I knew better, I really did. But, finally, after five frost free mornings in a row I had enough and could not resist the worm wriggle urge to get the ice and snow brush out of the car. A wiser and saner thing would be to leave it there until lilacs bloom, but I was in a devilish mood to flaunt the odds and confirm spring, Spring at Last!

More of a rebel at 70 than I was at seventeen I went on a hormone spiked spree that if I was seventeen and rebellious (which I wasn’t much) could have led to a spate of streaking incidents in the Iron Range community I lived in at the time. Doing that would at least have given citizens proof I was as big a useless idiot as presumed, and maybe a giggle as well because I was never a graceful runner. Sage (remember Schillings) and wiser my reckless spree of defiance consisted of going round and gathering all the snow shovels. There is one outside every door, two down by the woodshed, another rests outside the garage, plus there are the “scoops” I’d once kept in the trunk for road emergencies, and thus reminded of the large “push scoop” I went and got that, and even so I almost forgot one down by the cabin and the woodshed there.

I got them all, every last one. Lined up like stalls in a large public restroom they looked impressive in a meekly utilitarian sort of way. It’s interesting how so many brands of ordinary snow shovel are made to mate at a curved notch that allows tighter packing and less wasted shipping space. It is a safe bet that compactness of stacking was not a special benefit to the consumer who has essentially no need of it. Nor was it a plus for me who wanted his shovels in serried ranks assembled, a small army non-compliant shovels with handles raised high like slogan fists shouting No More Snow! We demand an end of snow is an appealing and inspiring ideal if you’re not a ski hill owner or lover of wintry sport.

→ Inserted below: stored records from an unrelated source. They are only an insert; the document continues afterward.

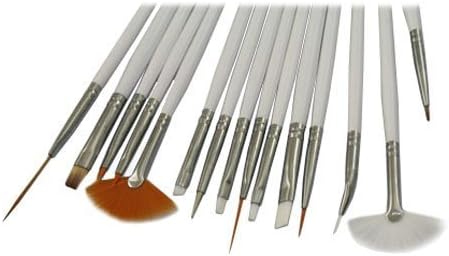 15pcs Nail Art Design Painting Drawing Brushes White + 5 X 2 Way Marbleizing Dotting Pen Tools Set By Xxshop
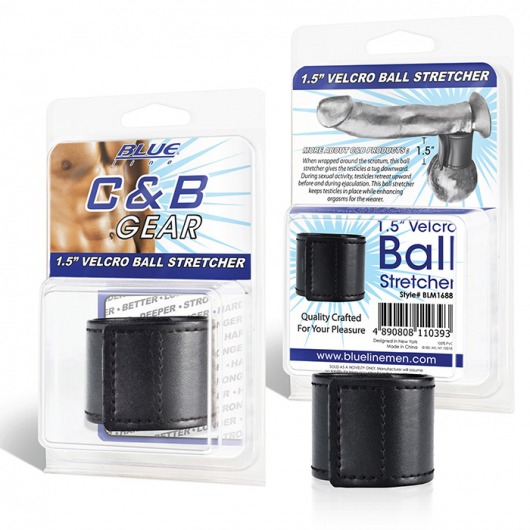 Хомут-утяжка для мошонки из искусственной кожи на липучке VELCRO BALL STRETCHER- 4 см. - BlueLine - в Химках купить с доставкой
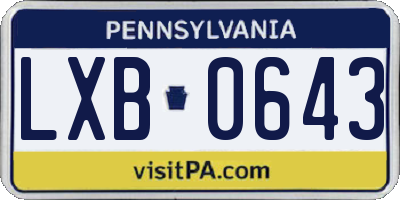 PA license plate LXB0643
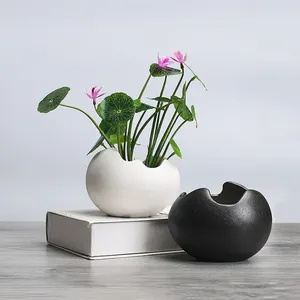 Grosir pot desain hitam putih-Pot Bunga Keramik Mini Desain Telur Matt Kustom Hitam Putih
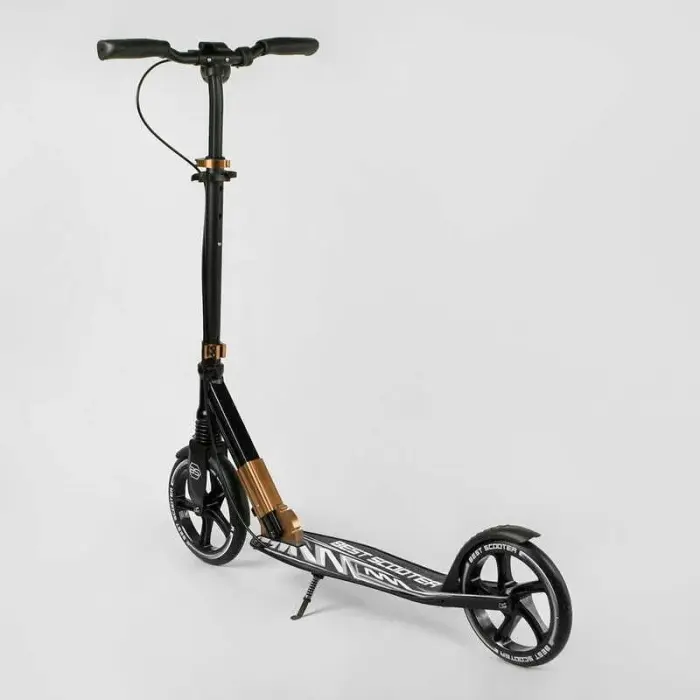Самокат алюмінієвий "Best Scooter" (колеса PU, ФАРА, затискач керма, d передніх коліс - 230 мм, d задніх коліс 200мм, 1 амортизатор передній)
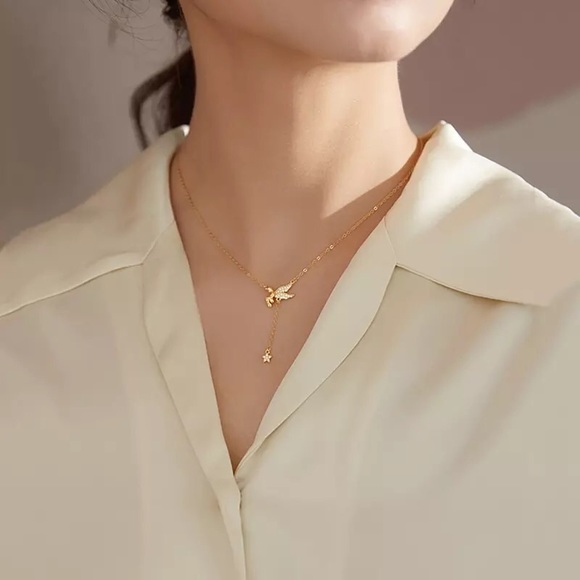 925 Sterling Silver Angel Star Tassel Necklace - Picture 8 of 11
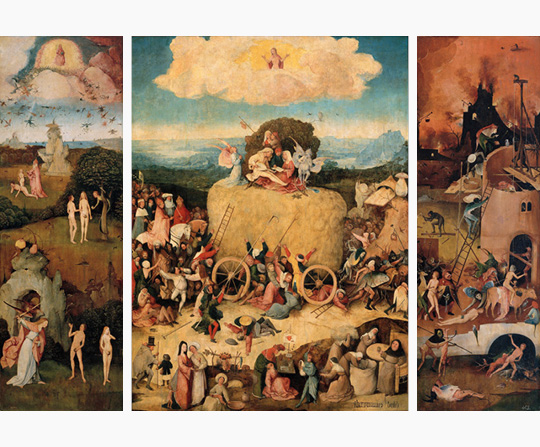 Hieronymus Bosch - Triptych s vozem sena - The Haywain triptych - reprodukce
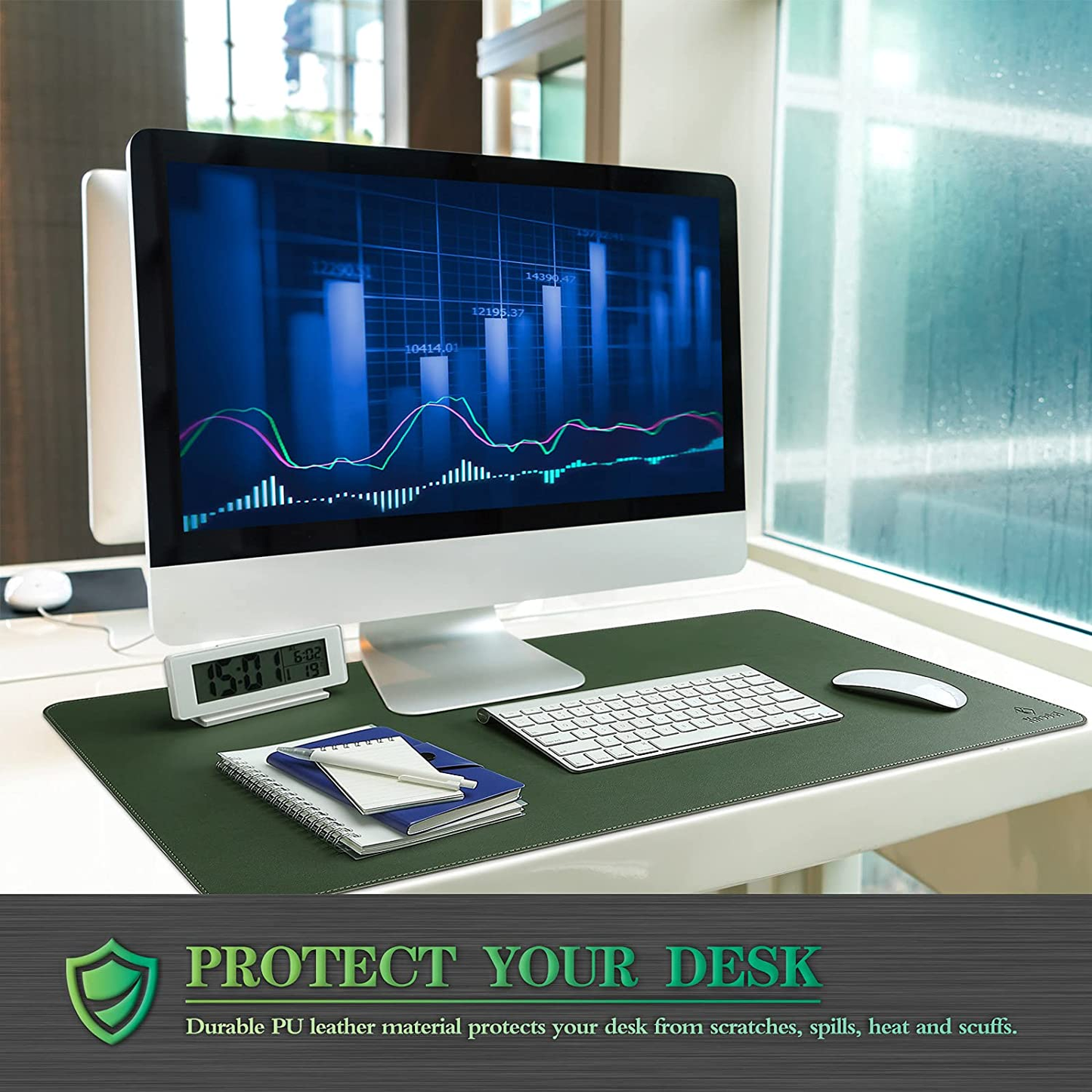 Dual-Sided PVC Leather Desk Pad Protector – Waterproof Desk Mat with Stitched Edges, Mouse Pad and Writing Blotter, Dark Green, 31.5" x 15.7"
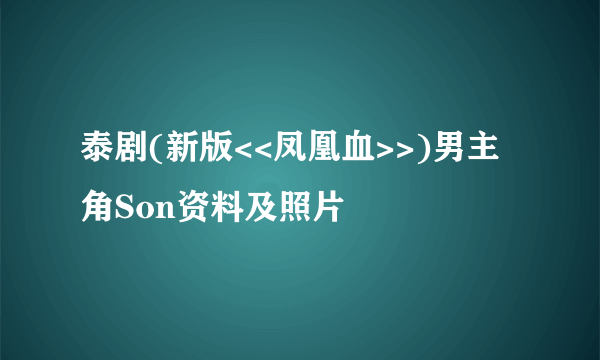 泰剧(新版<<凤凰血>>)男主角Son资料及照片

But take heart. No more Snow stands all the chance of No more War as ever happening no matter how many shovels I amass to defy winter or how ardently I wish for eternal balmy peace. We are human beings, after all, and not entirely benign creatures; ask the Passenger Pigeon or Dodo.

Like most I don’t “believe” in superstition and know full well that symbolic acts and devout beliefs don’t sort out light particles from waves. But if you look round at all the people who do not believe in superstition or God you’ll find most believe in something. A belief I find of long standing popularity is faith in family, friends, or community as a basic pillar. The collective of human family is noble and will indeed sustain until some division line of ethnicity, faith, or self- interest overrides. Then you’re on your own, but in the meantime the image of comfort in the human family is as good a superstition as any for the non-superstitious and non-believing to hang onto.

My current favorite in popular belief is kale. Before the lifesaving qualities of kale were made known by the agriculturally devout followers of Gia members of humanity died in droves like flies. This is still the case, but now happens with the benefits of kale, which were especially unknown in kale-free areas like the Atacama, Antiplano, and arid areas in general. Eskimo people were as kales free as any on the planet and they suffered the consequences of regular mortality, but they did so with the benefit of fish oils utterly denied to members of humanity on the Mongolian Plateau or Himalayan Highlands. Faith in the value of fish oil is a valuable component in seeking a longer life, one possibly rendered rather solitary when every breath exhales all the olfactory charm of dead carp. Even a committed unbeliever believes in something.

A pronounced unbelief among western people involves denial of a god. This position is often backed with assertions about how much damage they attribute to religion and by association to god. If, as they have it, god does not exist then a deity is not to blame for ills it could never have caused. Not believing in something a person says does not exist misses the real culprit which is belief itself because like it or not and aware or not each of us has beliefs we hold to. Blaming god and religion expresses an unquestioned belief in one’s private system of belief. A conventional believer who questions their beliefs may be on firmer spiritual or humanist ground than a position of non-belief wearing blinders.

People bond and/or separate according to belief (aka agreement or consensus). If you see that then you’ll also see that having a blind belief is more dangerous (think of your most stubborn uncle as an example) when coupled directly to attitudes that are hostile and judgmental. Blind belief in paradise might be silly. Blind belief in acting as God’s Agent can be damned dangerous. Content of belief is a telling element in any belief. As example, ask yourself the likelihood of a Quaker suicide bomber. It is possible but not probable. With certain other beliefs the possibility is higher because a believer reads the source of their sect expressing victory through terror. Such a twist of belief sets things in a direction that sacrifices others along with self. That’s a big difference right there. So the possibility is higher and the probability of action on belief is likewise higher. If the individual feels justified in sacrificing others and/or they are in a moral hell where they feel no choice but blind adherence the situation is very different than the one you or I might know. Belief that allows you to question or mock is far safer than one demanding  earthly obedience now.